Kernel Essay on Eric Liu and Sherman Alexie

Caroline Franco

Mrs. Buckley

Writ 101

25 August 2016

“Notes of a Native Speaker” by Eric Liu and “Lawyer’s League” by Sherman Alexie discuss the power of identity and the common struggle of assimilation for those who are of color. However, Eric Liu discusses his success and how assimilating means that “ he cannot gain the world without losing his soul” while Sherman Alexie discusses the hardships and thoughts that come with being a person of color in a primarily white political world.  Though they both have different outcomes to their lives and stories, their hardships shaped them and made them think about their own identity and place in the world.

Eric Liu discusses what it means to him to be white even when he technically isn’t really a white person. Eric came from immigrant parents who cared about how he turned out as a person and not as an Asian. To him, his whitness was thrust upon him but yet it was not his own conscious choice. He doesn’t understand his own identity because it is a mix of what he thinks he should be and what he has become. “Now I want desperately to see my face, to see what time has marked and what it has erased.  But I can find no mirror, except the people who surround me.  And they are mainly pale, powerful” shows that Eric Liu doesn’t see that his identity lies in who he is and not where he comes from.

Richard feels his identity is what he can do and how successful he can become as an African American and as a Native American. He doesn’t see his identity in himself but only what he can do to climb the political ladder. He turns down love because he feels as if marrying a white woman would hurt his political agenda as becoming one of the true and excellent African and Native American politicians. He gets angry at the thought of racism and takes the easy way out but he never comprehends the consequences of his actions because to him he will never be Bill Bill. “Okay, true, I broke Big Bill’s nose but he was ugly to begin with”, he will never feel the power and the immunity Big Bill has and that plagues him because being who he is he feels he will never get to the root of his identity and that is success.

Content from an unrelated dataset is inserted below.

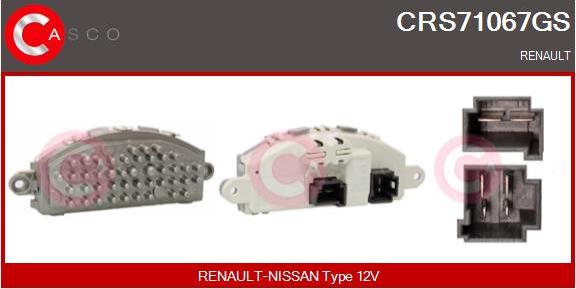 Casco CRS71067GS - Опір, реле, вентилятор салону autocars.com.ua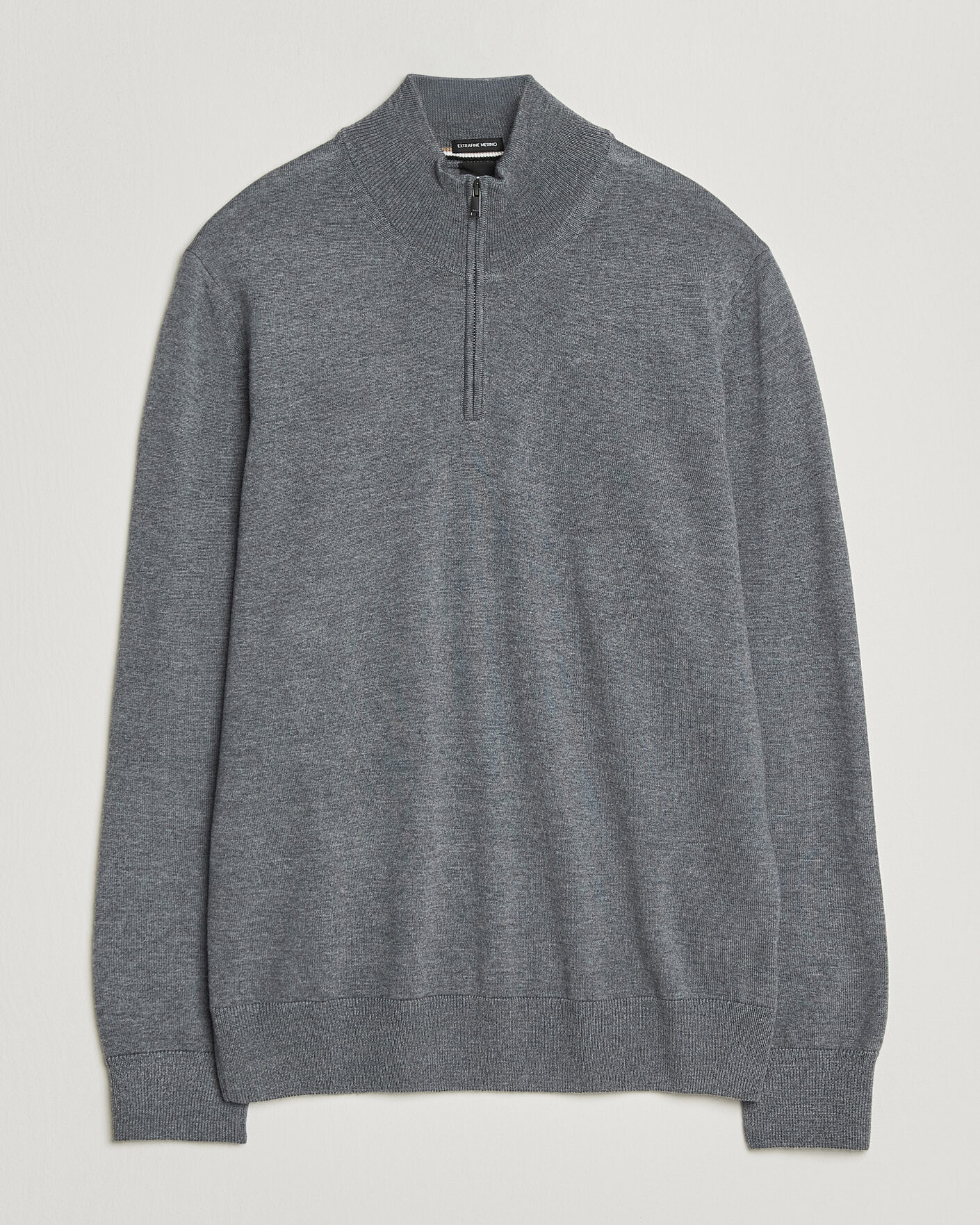 Mies | Puserot | BOSS BLACK | Ebenji Merino Knitted Half Zip Medium Grey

Eric Liu and Sherman Alexie both make points on identity and how it is rooted in every individual. Eric Liu makes the point that he gave up his identity as an Asian man and received the power he wanted where Sherman Alexie’s character Richard tried to keep his identity as an African American and Native American but never received the power he wanted because the way other would people view him warp his view on the world. The common theme of identity shows that no matter how one lives their life they will still struggle with who they are.